DATA UNDER STUDY:
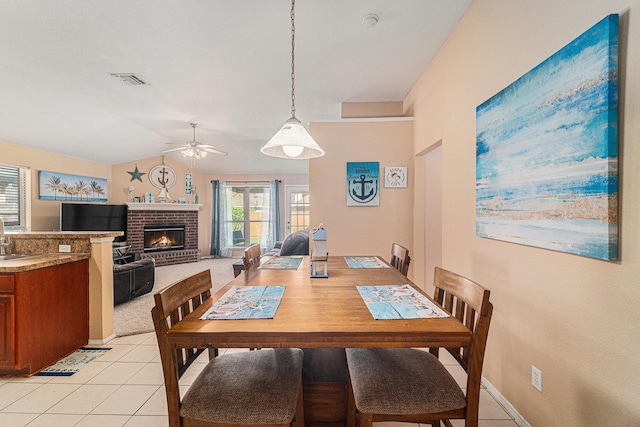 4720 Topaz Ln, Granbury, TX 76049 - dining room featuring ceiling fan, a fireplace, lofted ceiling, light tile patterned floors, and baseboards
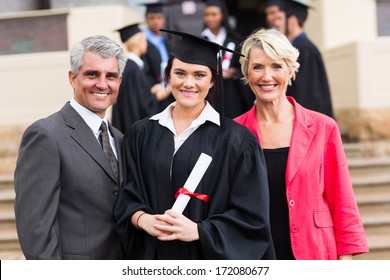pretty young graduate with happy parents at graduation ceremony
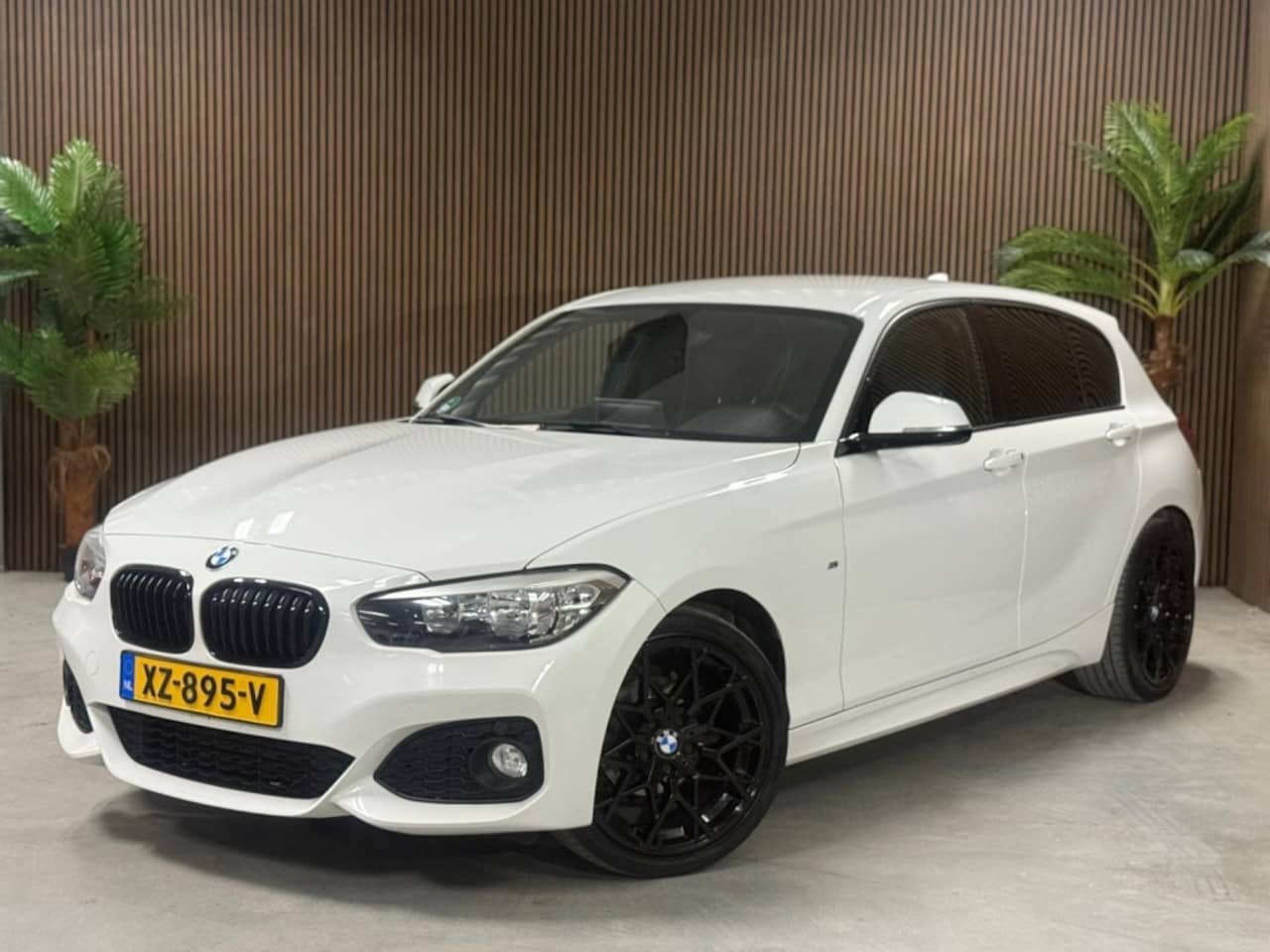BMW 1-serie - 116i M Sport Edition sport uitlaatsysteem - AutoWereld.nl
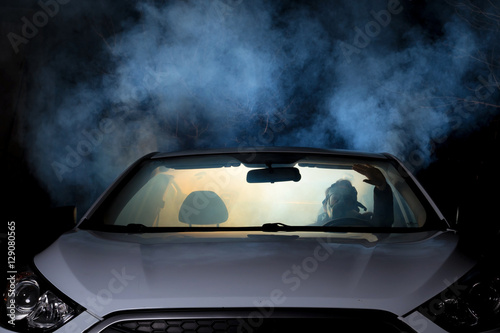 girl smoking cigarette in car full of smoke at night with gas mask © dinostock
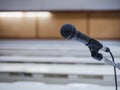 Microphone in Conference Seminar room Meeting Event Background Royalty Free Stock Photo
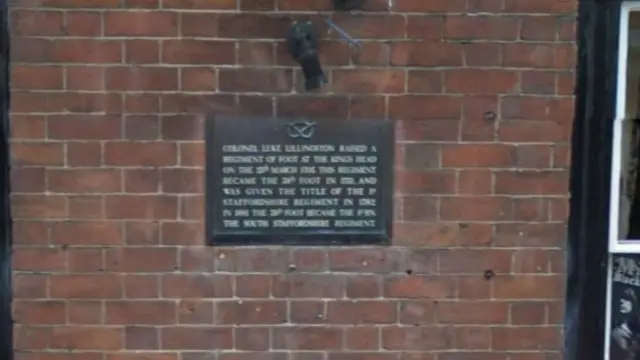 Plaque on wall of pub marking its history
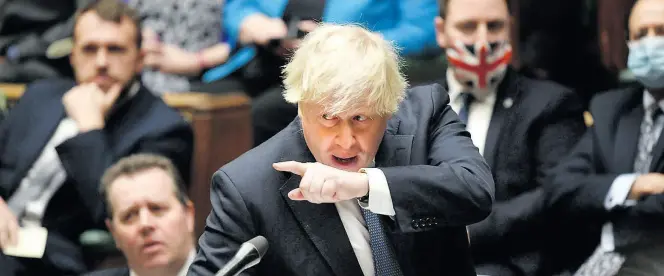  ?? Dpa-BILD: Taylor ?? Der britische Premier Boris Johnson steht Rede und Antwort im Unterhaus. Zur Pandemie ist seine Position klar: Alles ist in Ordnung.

THE TASK: The lines needed run from the first line of the records through the line containing "BMW 1-serie - 116i", both included. Restate them word for word, without pictures.

RESULT:
 4720 Topaz Ln, Granbury, TX 76049 - dining room featuring ceiling fan, a fireplace, lofted ceiling, light tile patterned floors, and baseboards
pretty young graduate with happy parents at graduation ceremony
BMW 1-serie - 116i M Sport Edition sport uitlaatsysteem - AutoWereld.nl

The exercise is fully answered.